_REQUIRED WORK_. The first line of the entries below, the line containing "Image No.13-Maison de", and every line between them should be repeated exactly, and nothing else.

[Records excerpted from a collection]
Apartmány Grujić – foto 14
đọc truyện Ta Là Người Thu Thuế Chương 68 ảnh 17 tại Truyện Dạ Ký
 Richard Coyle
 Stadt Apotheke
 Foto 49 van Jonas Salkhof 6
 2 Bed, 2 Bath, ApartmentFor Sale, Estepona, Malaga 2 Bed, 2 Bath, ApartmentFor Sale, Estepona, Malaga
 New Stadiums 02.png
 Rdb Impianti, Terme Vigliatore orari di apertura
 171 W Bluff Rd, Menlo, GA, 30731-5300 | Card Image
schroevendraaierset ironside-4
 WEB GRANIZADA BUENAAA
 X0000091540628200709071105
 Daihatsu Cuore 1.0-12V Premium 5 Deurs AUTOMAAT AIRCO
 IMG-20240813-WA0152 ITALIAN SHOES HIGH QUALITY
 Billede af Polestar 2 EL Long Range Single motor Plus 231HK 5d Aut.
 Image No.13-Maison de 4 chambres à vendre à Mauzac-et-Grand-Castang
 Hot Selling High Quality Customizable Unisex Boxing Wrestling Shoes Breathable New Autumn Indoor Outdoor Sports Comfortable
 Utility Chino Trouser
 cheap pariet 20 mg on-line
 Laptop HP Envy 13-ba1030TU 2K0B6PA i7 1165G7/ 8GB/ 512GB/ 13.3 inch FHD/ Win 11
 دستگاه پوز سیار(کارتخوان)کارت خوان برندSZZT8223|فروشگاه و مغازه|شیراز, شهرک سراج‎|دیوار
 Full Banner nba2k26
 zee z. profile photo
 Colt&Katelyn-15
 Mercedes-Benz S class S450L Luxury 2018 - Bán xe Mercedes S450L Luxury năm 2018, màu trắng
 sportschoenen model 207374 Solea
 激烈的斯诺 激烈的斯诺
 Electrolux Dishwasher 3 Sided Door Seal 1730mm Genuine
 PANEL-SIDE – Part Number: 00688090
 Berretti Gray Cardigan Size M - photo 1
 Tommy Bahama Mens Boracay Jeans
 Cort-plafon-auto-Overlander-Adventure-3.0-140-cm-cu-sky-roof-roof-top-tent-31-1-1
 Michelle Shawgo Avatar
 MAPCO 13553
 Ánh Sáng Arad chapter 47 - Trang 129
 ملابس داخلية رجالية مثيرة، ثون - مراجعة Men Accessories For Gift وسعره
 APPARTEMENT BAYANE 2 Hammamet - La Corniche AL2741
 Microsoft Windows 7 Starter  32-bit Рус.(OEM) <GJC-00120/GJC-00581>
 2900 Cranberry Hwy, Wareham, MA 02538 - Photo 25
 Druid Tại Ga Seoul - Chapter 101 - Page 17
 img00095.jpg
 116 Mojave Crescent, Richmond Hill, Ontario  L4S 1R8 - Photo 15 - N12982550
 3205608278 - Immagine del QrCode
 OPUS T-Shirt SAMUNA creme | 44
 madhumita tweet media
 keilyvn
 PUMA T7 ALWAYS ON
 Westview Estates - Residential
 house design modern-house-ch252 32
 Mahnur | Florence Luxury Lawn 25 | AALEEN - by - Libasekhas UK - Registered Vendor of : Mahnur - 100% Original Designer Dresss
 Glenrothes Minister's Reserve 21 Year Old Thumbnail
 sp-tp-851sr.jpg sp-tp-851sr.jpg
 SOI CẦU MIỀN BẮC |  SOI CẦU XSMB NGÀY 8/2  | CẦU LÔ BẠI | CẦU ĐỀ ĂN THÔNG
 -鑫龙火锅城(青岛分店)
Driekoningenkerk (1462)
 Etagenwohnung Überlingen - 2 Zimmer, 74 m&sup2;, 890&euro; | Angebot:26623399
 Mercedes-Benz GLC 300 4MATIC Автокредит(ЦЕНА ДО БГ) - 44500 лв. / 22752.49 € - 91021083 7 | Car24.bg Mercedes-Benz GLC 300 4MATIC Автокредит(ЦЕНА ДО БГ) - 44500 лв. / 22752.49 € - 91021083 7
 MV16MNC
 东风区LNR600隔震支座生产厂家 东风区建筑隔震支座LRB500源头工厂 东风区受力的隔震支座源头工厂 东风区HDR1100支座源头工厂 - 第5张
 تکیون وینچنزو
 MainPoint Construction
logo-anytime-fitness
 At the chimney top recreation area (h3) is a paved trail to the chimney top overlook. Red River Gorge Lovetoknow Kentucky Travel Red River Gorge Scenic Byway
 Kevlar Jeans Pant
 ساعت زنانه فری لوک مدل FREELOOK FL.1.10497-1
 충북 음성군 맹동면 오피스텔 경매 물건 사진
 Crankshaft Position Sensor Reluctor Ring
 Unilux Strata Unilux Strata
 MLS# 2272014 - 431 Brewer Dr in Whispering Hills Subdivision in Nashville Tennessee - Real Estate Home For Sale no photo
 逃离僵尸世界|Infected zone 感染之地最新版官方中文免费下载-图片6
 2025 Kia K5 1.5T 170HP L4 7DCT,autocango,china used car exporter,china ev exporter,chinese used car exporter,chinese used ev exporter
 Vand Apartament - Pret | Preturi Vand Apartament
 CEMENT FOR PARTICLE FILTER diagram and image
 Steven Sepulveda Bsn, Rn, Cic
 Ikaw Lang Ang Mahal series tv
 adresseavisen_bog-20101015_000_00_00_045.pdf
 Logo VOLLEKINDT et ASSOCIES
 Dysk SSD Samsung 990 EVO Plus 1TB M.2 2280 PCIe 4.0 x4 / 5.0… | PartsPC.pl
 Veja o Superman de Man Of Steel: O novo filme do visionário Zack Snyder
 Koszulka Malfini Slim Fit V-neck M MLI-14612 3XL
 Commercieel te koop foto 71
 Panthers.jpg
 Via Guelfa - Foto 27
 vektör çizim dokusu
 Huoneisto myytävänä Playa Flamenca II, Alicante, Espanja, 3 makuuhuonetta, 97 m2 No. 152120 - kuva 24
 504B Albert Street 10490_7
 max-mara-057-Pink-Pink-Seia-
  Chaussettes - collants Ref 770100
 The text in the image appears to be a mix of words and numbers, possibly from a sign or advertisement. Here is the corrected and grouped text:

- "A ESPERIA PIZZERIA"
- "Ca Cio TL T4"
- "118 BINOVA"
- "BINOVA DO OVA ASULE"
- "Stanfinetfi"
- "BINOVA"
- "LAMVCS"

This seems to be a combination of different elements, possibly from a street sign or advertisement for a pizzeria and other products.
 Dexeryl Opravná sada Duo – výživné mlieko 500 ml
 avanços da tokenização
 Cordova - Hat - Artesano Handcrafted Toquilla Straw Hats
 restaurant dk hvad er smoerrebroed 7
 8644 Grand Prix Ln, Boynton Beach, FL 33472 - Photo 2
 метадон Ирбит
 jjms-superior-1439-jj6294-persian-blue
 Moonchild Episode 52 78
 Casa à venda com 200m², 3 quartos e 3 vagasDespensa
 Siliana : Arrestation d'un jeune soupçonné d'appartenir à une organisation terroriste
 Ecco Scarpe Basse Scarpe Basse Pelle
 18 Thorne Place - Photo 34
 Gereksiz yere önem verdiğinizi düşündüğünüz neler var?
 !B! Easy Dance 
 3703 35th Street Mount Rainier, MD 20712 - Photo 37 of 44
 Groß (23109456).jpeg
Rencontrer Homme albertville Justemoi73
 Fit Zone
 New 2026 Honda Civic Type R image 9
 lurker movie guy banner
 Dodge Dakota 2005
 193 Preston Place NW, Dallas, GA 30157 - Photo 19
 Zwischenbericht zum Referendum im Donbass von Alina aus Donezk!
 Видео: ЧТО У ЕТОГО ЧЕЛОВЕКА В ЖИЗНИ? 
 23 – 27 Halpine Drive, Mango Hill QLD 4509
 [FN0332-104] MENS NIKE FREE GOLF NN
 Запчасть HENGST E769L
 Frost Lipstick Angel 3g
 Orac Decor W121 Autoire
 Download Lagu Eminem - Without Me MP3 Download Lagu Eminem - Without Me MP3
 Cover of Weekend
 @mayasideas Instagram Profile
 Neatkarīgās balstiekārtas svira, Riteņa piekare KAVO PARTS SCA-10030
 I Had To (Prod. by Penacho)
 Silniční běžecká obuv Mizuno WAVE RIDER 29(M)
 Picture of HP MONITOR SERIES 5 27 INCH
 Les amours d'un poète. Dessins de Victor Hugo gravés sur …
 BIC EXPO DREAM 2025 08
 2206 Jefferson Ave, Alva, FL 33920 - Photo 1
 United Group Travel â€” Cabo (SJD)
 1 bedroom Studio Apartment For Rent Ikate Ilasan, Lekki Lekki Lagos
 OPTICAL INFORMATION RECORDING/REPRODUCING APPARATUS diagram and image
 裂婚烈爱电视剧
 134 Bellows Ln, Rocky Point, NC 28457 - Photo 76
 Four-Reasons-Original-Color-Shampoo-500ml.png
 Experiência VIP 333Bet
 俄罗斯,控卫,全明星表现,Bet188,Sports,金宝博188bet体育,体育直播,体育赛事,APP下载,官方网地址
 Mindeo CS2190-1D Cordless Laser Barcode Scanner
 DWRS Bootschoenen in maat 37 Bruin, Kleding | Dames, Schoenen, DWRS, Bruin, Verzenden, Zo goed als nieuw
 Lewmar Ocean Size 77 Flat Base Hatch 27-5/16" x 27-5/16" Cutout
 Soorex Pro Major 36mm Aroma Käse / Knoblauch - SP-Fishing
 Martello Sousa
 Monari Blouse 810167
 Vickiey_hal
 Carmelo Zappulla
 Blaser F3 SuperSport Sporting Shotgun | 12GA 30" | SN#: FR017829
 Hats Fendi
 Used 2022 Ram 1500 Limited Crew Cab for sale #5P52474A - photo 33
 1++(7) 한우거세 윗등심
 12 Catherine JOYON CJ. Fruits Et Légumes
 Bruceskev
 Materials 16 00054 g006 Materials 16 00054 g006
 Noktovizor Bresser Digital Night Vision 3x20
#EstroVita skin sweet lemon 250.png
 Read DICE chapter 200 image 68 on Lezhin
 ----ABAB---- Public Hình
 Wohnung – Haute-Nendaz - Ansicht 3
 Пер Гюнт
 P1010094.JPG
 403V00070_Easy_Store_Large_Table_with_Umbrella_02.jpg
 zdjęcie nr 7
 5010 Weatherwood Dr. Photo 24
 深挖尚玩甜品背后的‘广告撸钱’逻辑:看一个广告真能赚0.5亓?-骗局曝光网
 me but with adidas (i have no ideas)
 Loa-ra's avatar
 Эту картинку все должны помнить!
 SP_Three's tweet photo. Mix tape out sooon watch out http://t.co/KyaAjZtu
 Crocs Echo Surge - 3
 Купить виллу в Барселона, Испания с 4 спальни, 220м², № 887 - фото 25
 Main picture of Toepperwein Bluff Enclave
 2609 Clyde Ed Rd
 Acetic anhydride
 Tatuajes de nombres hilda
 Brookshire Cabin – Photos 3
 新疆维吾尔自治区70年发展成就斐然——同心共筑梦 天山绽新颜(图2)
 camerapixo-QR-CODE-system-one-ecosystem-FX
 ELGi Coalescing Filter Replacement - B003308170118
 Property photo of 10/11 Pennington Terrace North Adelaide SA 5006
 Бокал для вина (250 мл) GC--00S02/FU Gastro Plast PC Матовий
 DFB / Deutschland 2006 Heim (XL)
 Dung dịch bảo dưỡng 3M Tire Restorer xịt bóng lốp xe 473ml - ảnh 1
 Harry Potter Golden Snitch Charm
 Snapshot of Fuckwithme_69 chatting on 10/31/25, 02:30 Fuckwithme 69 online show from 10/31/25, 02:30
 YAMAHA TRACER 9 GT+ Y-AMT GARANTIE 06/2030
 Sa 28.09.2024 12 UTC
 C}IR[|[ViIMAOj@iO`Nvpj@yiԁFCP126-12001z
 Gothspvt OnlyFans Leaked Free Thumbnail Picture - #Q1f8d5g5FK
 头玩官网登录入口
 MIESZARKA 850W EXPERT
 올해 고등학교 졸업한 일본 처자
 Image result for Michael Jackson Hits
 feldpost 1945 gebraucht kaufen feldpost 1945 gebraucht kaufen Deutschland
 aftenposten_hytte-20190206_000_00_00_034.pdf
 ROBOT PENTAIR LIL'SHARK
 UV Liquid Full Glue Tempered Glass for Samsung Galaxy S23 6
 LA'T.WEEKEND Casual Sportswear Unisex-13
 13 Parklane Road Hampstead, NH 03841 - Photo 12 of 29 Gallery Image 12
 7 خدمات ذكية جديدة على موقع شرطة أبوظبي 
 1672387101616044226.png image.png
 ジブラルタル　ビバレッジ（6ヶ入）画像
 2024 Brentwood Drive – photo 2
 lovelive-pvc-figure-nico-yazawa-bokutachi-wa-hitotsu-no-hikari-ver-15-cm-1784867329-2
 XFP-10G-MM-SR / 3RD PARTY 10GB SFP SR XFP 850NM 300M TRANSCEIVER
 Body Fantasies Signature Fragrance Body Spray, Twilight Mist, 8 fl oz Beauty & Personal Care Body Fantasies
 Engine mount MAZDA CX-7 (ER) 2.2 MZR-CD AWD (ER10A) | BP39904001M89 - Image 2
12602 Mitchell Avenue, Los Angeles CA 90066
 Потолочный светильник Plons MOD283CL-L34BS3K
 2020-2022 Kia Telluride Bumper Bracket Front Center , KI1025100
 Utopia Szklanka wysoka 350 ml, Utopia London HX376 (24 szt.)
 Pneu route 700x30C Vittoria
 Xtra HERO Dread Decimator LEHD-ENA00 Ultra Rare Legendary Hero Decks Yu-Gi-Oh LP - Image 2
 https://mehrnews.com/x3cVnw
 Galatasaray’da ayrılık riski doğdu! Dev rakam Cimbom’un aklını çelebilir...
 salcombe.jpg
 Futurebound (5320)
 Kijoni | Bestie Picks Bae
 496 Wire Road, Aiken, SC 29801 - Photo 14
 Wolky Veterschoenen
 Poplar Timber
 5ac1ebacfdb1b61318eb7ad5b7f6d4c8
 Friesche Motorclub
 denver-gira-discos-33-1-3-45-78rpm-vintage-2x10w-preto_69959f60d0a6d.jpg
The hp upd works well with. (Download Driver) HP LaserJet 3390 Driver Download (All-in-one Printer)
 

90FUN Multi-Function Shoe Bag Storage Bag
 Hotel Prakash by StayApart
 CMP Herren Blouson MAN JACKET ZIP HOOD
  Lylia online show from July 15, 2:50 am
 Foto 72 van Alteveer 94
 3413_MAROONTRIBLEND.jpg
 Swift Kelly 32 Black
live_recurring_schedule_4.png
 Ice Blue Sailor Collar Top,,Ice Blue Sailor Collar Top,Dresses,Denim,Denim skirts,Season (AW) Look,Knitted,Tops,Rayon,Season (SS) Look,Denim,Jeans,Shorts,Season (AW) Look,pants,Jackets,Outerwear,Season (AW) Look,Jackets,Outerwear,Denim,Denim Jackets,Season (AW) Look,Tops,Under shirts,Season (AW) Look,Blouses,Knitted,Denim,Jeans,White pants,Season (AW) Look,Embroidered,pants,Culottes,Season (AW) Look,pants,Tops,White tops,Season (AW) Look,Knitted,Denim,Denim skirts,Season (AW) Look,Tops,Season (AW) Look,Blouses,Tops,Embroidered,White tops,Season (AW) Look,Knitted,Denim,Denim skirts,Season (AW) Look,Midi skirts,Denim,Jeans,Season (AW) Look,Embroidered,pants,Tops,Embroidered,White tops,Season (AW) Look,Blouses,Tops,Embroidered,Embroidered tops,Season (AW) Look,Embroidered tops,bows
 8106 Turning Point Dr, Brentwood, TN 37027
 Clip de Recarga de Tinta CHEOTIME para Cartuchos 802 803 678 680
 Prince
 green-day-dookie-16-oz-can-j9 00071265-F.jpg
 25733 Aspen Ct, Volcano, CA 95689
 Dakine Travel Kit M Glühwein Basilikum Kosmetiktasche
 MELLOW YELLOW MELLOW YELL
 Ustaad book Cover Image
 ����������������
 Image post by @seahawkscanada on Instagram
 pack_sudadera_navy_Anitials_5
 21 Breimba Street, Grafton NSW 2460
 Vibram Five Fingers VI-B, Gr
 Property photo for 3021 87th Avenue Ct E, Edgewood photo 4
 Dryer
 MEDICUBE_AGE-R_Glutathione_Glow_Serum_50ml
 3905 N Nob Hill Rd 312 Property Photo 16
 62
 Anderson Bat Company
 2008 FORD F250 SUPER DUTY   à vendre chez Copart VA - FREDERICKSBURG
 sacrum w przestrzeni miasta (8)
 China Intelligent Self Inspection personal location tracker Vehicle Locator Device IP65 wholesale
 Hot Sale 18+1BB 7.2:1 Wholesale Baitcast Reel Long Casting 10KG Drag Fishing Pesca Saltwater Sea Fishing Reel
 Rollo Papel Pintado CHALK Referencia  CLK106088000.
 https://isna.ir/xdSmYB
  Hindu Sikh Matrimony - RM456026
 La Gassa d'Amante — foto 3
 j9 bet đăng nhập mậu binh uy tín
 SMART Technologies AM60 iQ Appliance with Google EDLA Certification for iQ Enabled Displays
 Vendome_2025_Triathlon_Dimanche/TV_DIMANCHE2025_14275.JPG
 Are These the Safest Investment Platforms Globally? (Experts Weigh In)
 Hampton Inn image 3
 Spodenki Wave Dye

_OUTPUT OF THE TASK_.
Apartmány Grujić – foto 14
đọc truyện Ta Là Người Thu Thuế Chương 68 ảnh 17 tại Truyện Dạ Ký
 Richard Coyle
 Stadt Apotheke
 Foto 49 van Jonas Salkhof 6
 2 Bed, 2 Bath, ApartmentFor Sale, Estepona, Malaga 2 Bed, 2 Bath, ApartmentFor Sale, Estepona, Malaga
 New Stadiums 02.png
 Rdb Impianti, Terme Vigliatore orari di apertura
 171 W Bluff Rd, Menlo, GA, 30731-5300 | Card Image
schroevendraaierset ironside-4
 WEB GRANIZADA BUENAAA
 X0000091540628200709071105
 Daihatsu Cuore 1.0-12V Premium 5 Deurs AUTOMAAT AIRCO
 IMG-20240813-WA0152 ITALIAN SHOES HIGH QUALITY
 Billede af Polestar 2 EL Long Range Single motor Plus 231HK 5d Aut.
 Image No.13-Maison de 4 chambres à vendre à Mauzac-et-Grand-Castang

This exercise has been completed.